Your current Brute-Force algorithm is O(n^2). For just your two 70,000 line polygons that's some factor of almost 10 Billion operations, to say nothing of the 700,000 other polygons. Obviously, no amount of mere code optimization is going to be enough, so you need some kind algorithmic optimization that can lower that O(n^2) without being unduly complicated.

The O(n^2) comes from the nested loops in the brute-force algorithm that are each bounded by n, making it O(n*n). The simplest way to improve this would be to find some way to reduce the inner loop so that it is not bound by or dependent on n. So what we need to find is some way to order or re-order the inner list of lines to check the outer line against so that only a part of the full list needs to be scanned.

The approach that I am taking takes advantage of the fact that if two line segments intersect, then the range of their X values must overlap each other. Mind you, this doesn't mean that they do intersect, but if their X ranges don't overlap, then they cannot be intersecting so theres no need to check them against each other. (this is true of the Y value ranges also, but you can only leverage one dimension at a time).
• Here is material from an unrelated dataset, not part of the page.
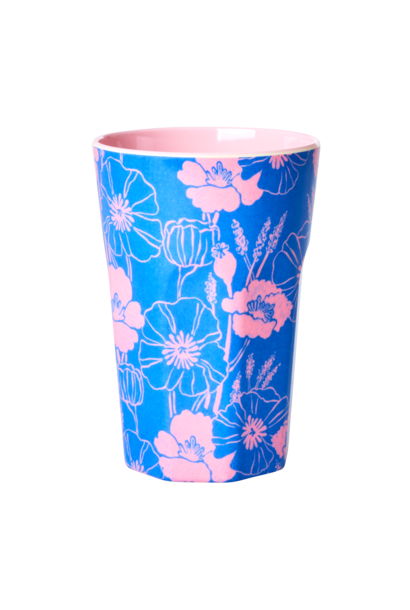 Melamine Tall beker Poppies Love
The advantage of this approach is that these X ranges can be used to order the endpoints of the lines which can in turn be used as the starting and stopping points for which lines to check against for intersection.

So specifically what we do is to define a custom class (endpointEntry) that represents the High or Low X values of the line's two points. These endpoints are all put into the same List structure and then sorted based on their X values.
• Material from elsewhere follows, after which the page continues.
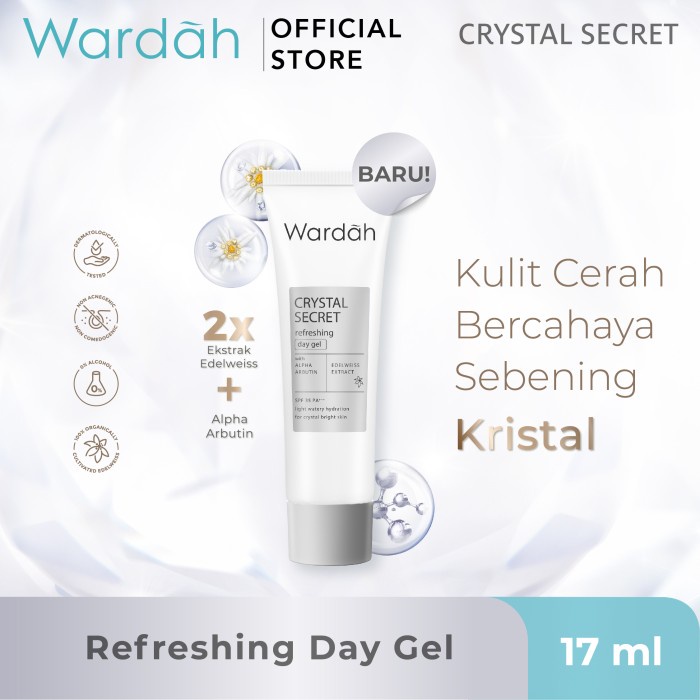 Wardah Crystal Secret Refreshing Day Gel - 15ml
Then we implement an outer loop where we scan the entire list just as in the brute-force algorithm. However our inner loop is considerably different. Instead of re-scanning the entire list for lines to check for intersection, we rather start scanning down the sorted endpoint list from the high X value endpoint of the outer loop's line and end it when we pass below that same line's low X value endpoint. In this way, we only check the lines whose range of X values overlap the outer loop's line.
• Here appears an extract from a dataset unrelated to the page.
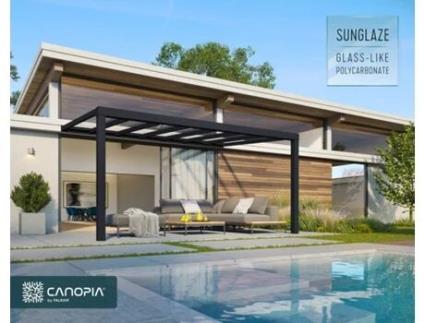 Pérgola CANOPIA BY PALRAM Stockholm (Cinzento - 340X515 cm)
OK, here's a c# class demonstrating my approach:

class CheckPolygon2
{
    // internal supporting classes
    class endpointEntry
    {
        public double XValue;
        public bool isHi;
        public Line2D line;
        public double hi;
        public double lo;
        public endpointEntry fLink;
        public endpointEntry bLink;
    }
    class endpointSorter : IComparer<endpointEntry>
    {
        public int Compare(endpointEntry c1, endpointEntry c2)
        {
            // sort values on XValue, descending
            if (c1.XValue > c2.XValue) { return -1; }
            else if (c1.XValue < c2.XValue) { return 1; }
            else // must be equal, make sure hi's sort before lo's
                if (c1.isHi && !c2.isHi) { return -1; }
                else if (!c1.isHi && c2.isHi) { return 1; }
                else { return 0; }
        }
    }

    public bool CheckForCrossing(List<Line2D> lines)
    {
        List<endpointEntry> pts = new List<endpointEntry>(2 * lines.Count);

        // Make endpoint objects from the lines so that we can sort all of the
        // lines endpoints.
        foreach (Line2D lin in lines)
        {
            // make the endpoint objects for this line
            endpointEntry hi, lo;
            if (lin.P1.X < lin.P2.X)
            {
                hi = new endpointEntry() { XValue = lin.P2.X, isHi = true, line = lin, hi = lin.P2.X, lo = lin.P1.X };
                lo = new endpointEntry() { XValue = lin.P1.X, isHi = false, line = lin, hi = lin.P1.X, lo = lin.P2.X };
            }
            else
            {
                hi = new endpointEntry() { XValue = lin.P1.X, isHi = true, line = lin, hi = lin.P1.X, lo = lin.P2.X };
                lo = new endpointEntry() { XValue = lin.P2.X, isHi = false, line = lin, hi = lin.P2.X, lo = lin.P1.X };
            }
            // add them to the sort-list
            pts.Add(hi);
            pts.Add(lo);
        }

        // sort the list
        pts.Sort(new endpointSorter());

        // sort the endpoint forward and backward links
        endpointEntry prev = null;
        foreach (endpointEntry pt in pts)
        {
            if (prev != null)
            {
                pt.bLink = prev;
                prev.fLink = pt;
            }
            prev = pt;
        }

        // NOW, we are ready to look for intersecting lines
        foreach (endpointEntry pt in pts)
        {
            // for every Hi endpoint ...
            if (pt.isHi)
            {
                // check every other line whose X-range is either wholly 
                // contained within our own, or that overlaps the high 
                // part of ours.  The other two cases of overlap (overlaps 
                // our low end, or wholly contains us) is covered by hi 
                // points above that scan down to check us.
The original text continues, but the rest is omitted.